Introduce a local SQLite-backed search index for Ten Second Tom that sits on top of the existing filesystem-based storage providers (Default + Obsidian, etc.). The goal is to provide fast, powerful full-text and (optionally) semantic search across notes, summaries, and audio transcripts without changing the core “Markdown + WAV on disk” storage model.

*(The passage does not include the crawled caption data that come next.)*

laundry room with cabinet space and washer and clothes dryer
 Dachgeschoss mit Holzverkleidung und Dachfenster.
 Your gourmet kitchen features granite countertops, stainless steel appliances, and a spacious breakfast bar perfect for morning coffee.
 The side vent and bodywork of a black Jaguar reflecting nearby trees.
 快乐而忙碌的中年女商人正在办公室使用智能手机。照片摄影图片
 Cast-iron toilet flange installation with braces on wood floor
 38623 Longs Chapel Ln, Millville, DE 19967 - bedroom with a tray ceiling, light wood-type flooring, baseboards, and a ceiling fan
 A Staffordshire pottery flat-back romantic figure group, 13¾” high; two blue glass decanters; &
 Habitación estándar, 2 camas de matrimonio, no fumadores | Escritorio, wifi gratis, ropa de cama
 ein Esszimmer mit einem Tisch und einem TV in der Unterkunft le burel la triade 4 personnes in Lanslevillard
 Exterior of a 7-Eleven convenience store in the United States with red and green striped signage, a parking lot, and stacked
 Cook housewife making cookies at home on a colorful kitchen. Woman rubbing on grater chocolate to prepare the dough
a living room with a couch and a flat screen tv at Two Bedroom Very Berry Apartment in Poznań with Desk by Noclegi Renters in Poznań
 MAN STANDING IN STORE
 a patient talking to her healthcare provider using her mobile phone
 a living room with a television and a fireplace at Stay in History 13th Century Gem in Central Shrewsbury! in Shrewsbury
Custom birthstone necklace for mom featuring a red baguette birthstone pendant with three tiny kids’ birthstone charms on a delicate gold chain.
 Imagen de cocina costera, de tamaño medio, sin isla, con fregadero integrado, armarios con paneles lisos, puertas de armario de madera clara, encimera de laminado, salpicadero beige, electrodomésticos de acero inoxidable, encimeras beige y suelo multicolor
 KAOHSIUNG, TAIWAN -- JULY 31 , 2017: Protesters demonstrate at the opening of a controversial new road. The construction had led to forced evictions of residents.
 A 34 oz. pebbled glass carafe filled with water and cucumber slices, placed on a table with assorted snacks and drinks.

The SQLite database will be treated as an index/cache that can be rebuilt from the filesystem at any time.


Motivation

Current characteristics:

  • Ten Second Tom persists memories primarily as Markdown files on disk:
    • Daily notes, summaries, and weekly reviews.
    • Recording transcripts and associated metadata.
  • Audio is stored as .wav files alongside Markdown metadata.
  • Storage is provider-based (default filesystem provider, Obsidian vault provider, etc.), and the on-disk text is considered the source of truth.

Limitations today:

  • Search requires crawling/parsing files each time or is limited to basic filename/date patterns.
  • There’s no notion of ranked full-text search or semantic similarity search.
  • As the number of notes/recordings grows, search will degrade without an index.

What we want:

  • Fast, ranked full-text search across all text content.
  • Optional semantic (vector) search later, while staying fully local.
  • Zero change to the existing Markdown/WAV storage model and provider abstractions.

Goals

  • Add a SQLite-backed search/index layer:
    • Single .db file per user installation (e.g., ~/.ten-second-tom/index.db or ~/ten-second-tom/index/tst.db).
    • Treat SQLite as an index/cache, not the canonical data store.
  • Use SQLite FTS5 for full-text search:
    • Search across content, summaries, tags, and other textual metadata.
    • Support ranked results, phrase search, and prefix search.
  • Integrate with the existing storage provider model:
    • Default filesystem provider and Obsidian provider continue to own the actual files.
    • The index listens to writes/updates and stays in sync.
  • Provide a CLI experience for search:
    • tom search <query> as the main entry point.
    • Filter by date range, kind, tags, presence of audio, etc.
  • Provide a way to rebuild/repair the index:
    • tom index rebuild (or similar) to rescan the filesystem into SQLite.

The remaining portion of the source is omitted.